Luxor is a part of the ancient city of Thebes, that was the ruling seat of power in Egypt for millenniums ago, Luxor is now a major holiday destination, particularly for those interested in ancient Egypt. The area boasts an exceptionally rich legacy of temples, tombs and monuments. Around these relics of ancient Egypt's celebrated history are signs of the prosperous industry of the modern day - tourism. Luxor town is crowded with souvenir shops, hotels and restaurants, while the Nile River carries feluccas and luxury boats which hand picked by Beyond of the Nile team.
The mysteries of Ancient Egypt can be discovered by visiting some of Luxor's surrounding temples including Luxor Temple, Karnak, Ramesseum, Medinet Habu, the Temple of Hatshepsut and the exquisite Valley of the Kings, which should be visited in the early morning.
Karnak Temples is an extraordinary complex of sanctuaries, pylons and obelisks, dedicated to the Theban triad but also to the greater glory of pharaohs. Constructed millenniums ago, it has at its heart the temple of Amun, 'home' of the local god who became the most powerful deity in Egypt and the wider region. Be sure to allow enough time: wandering through this gigantic complex is one of the highlights of any visit to Egypt.

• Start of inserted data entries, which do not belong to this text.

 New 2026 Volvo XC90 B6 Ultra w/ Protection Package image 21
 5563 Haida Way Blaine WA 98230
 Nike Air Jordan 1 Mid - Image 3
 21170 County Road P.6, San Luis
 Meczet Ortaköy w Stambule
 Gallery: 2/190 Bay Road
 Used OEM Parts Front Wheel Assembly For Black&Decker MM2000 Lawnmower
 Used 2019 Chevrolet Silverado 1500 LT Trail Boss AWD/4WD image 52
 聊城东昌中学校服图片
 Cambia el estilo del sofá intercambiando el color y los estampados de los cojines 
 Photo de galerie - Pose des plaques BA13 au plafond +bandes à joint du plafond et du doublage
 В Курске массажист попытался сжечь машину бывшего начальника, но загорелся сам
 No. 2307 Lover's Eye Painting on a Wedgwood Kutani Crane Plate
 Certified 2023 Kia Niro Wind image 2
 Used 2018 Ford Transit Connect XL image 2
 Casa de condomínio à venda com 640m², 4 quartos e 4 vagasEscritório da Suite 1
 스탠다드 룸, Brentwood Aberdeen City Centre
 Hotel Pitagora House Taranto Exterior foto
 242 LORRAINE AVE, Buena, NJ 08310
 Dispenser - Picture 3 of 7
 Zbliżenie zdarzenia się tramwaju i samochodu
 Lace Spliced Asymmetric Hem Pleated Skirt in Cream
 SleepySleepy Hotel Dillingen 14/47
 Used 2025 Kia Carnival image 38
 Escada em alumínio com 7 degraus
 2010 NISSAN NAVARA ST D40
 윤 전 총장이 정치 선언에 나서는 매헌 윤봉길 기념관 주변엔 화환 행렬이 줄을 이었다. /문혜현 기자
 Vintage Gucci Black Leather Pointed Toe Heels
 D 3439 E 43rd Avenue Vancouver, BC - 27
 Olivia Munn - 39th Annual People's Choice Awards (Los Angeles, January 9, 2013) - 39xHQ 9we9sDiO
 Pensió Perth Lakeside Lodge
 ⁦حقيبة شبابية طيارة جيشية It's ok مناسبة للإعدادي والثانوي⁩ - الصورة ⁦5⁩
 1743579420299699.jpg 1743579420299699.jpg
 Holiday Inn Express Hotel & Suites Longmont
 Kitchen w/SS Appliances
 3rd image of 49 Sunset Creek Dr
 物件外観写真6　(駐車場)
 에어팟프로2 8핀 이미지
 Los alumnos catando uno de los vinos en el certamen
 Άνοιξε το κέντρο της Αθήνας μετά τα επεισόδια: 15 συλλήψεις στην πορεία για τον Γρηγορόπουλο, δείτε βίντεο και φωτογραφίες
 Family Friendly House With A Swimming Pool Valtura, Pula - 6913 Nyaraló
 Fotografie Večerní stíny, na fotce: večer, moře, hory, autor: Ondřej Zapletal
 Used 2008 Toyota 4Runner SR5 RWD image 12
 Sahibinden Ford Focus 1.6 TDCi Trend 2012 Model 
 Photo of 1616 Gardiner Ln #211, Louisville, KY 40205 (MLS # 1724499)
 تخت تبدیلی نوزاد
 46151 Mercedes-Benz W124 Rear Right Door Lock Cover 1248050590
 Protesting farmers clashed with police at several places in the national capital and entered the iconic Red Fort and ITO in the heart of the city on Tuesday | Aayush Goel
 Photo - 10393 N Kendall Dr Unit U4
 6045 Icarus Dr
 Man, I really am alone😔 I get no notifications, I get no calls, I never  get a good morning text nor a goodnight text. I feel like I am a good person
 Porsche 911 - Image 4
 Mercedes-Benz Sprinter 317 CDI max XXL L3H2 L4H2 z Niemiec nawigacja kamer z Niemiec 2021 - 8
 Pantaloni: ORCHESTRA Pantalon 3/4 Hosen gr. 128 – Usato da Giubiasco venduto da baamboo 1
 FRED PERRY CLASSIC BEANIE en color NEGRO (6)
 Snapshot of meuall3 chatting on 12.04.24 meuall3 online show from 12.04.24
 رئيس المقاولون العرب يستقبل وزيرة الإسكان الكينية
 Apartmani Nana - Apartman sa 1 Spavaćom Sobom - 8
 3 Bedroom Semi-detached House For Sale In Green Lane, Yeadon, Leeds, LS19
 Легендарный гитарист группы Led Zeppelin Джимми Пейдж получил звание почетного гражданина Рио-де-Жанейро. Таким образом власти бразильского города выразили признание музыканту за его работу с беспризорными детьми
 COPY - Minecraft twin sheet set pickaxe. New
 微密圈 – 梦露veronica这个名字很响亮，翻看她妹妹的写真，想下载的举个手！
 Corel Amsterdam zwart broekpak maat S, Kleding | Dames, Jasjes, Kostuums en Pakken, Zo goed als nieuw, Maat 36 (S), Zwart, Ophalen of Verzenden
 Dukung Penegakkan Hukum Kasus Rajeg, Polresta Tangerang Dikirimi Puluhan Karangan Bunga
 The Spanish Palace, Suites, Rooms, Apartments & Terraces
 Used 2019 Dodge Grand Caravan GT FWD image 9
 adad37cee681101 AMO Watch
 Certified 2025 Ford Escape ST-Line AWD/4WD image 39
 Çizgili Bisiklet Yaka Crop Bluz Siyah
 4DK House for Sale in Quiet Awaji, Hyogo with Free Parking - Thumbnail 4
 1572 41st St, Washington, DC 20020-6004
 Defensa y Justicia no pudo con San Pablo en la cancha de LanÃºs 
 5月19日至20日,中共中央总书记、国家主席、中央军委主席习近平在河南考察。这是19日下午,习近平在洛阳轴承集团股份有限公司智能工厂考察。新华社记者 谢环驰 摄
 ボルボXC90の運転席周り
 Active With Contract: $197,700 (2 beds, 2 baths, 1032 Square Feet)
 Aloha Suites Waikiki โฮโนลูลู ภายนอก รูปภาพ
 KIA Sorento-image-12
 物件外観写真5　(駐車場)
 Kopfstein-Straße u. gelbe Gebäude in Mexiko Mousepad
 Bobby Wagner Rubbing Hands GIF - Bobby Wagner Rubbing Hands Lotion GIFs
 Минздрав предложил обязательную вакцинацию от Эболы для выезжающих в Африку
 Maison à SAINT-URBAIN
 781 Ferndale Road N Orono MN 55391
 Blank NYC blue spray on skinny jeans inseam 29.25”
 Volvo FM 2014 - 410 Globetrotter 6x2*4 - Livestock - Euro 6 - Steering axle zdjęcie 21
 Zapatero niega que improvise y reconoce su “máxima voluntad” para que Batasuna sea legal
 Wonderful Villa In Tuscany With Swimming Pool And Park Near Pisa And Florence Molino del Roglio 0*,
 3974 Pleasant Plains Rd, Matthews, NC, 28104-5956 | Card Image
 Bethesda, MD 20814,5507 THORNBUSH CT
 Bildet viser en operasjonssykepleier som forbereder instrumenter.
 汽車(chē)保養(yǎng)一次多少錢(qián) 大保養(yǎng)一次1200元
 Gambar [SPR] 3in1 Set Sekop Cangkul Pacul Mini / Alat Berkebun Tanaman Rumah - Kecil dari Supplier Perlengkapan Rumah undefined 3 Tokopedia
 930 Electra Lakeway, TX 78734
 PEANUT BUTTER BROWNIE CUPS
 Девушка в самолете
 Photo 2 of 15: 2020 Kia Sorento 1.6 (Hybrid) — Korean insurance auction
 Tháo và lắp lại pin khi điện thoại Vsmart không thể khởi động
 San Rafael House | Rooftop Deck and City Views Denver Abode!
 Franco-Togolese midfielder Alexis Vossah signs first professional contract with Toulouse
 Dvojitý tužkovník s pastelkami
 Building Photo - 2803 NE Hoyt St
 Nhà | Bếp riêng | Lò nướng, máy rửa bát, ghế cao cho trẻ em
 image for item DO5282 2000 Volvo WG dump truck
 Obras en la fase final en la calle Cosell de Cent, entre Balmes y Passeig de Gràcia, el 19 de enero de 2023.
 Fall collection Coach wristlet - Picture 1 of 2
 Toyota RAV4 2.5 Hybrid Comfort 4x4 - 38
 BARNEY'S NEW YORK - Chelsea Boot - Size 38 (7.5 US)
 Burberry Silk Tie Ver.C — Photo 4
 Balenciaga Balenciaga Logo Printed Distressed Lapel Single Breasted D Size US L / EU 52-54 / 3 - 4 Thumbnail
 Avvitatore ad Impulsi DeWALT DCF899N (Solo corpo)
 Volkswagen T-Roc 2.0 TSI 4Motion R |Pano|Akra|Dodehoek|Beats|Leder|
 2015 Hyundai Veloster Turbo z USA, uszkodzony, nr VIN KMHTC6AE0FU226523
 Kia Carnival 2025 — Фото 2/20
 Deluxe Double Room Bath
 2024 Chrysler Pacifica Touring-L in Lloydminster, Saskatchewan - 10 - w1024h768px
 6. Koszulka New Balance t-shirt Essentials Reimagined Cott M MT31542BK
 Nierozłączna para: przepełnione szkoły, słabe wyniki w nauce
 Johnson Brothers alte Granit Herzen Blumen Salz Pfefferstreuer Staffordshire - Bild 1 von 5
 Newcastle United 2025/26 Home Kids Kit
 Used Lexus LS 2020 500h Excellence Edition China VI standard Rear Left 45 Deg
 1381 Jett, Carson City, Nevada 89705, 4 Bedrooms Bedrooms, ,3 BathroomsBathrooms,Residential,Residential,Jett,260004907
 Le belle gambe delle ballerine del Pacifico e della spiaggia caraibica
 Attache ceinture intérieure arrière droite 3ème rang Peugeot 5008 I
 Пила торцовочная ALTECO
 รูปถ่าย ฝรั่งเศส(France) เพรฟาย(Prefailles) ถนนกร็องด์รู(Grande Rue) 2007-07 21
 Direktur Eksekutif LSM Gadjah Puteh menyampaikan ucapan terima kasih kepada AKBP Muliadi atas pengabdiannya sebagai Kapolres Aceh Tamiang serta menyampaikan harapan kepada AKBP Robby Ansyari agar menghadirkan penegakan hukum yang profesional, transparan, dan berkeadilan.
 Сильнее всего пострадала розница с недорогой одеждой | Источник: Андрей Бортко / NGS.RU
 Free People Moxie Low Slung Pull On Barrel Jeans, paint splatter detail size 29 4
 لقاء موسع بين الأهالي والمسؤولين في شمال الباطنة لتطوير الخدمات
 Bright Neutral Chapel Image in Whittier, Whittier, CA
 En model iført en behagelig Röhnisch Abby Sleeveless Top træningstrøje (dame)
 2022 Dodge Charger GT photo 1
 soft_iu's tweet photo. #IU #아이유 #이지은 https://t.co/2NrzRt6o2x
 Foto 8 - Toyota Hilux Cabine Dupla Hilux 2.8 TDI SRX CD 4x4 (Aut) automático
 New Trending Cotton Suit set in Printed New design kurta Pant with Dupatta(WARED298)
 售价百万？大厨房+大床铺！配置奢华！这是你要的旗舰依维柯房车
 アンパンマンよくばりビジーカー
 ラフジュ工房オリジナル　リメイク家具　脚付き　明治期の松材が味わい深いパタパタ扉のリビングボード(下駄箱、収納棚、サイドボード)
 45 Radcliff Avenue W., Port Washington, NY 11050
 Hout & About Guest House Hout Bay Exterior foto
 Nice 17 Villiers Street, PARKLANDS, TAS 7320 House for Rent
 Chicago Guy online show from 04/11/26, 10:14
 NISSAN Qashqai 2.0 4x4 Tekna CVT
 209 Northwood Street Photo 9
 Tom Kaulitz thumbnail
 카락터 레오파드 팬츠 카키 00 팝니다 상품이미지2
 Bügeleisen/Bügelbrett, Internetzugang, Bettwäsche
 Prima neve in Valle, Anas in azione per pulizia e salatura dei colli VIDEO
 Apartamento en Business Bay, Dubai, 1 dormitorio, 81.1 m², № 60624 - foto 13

Luxor Temple, temple built for the ritual practices exercised at the most important Ancient Egyptian festival, The Opet Festival, when the statues of Amun, Mut and Khonsu were brought from Karnak, along the Avenue of Sphinxes, and reunited here during the inundation. Largely built by the New Kingdom pharaohs Amenhotep III (1390 till 1352 BC) and Ramses II (1279 till 1213 BC), this temple is a strikingly graceful monument in the heart of the modern town.
Valley of the Kings
This desert space contains the ancient burial grounds to many of Egyptian pharaohs, over 62 royal tomb also the famous Tomb of the young Tutankhamun. each tomb quite different from the other. Most tombs described here are usually open to visitors. They are listed in the order that they are found when entering the site. The best source of information about the tombs, their decoration and history is the Theban Mapping Project.
The Temple of Queen Hatshepsut
A mortuary temple dedicated to the longest ruling female in Ancient Egyptian times, Queen Hatshepsut. The temple is decorated with statues, sphinxes, and reliefs, which have been meticulously restored over time. the temple located beneath massive cliffs near the west bank of the Nile, the Mortuary Temple of Hatshepsut, also known as Deir el Bahri, is dedicated to Amon-Ra, the sun god. Designed by an architect named Senenmut, the temple is unique because it was designed like classical architecture. Note the lengthy, colonnaded terrace some of which are 97 ft high, pylons, courts, and hypostyle hall. Inside you’ll see the sun court, chapel and sanctuary.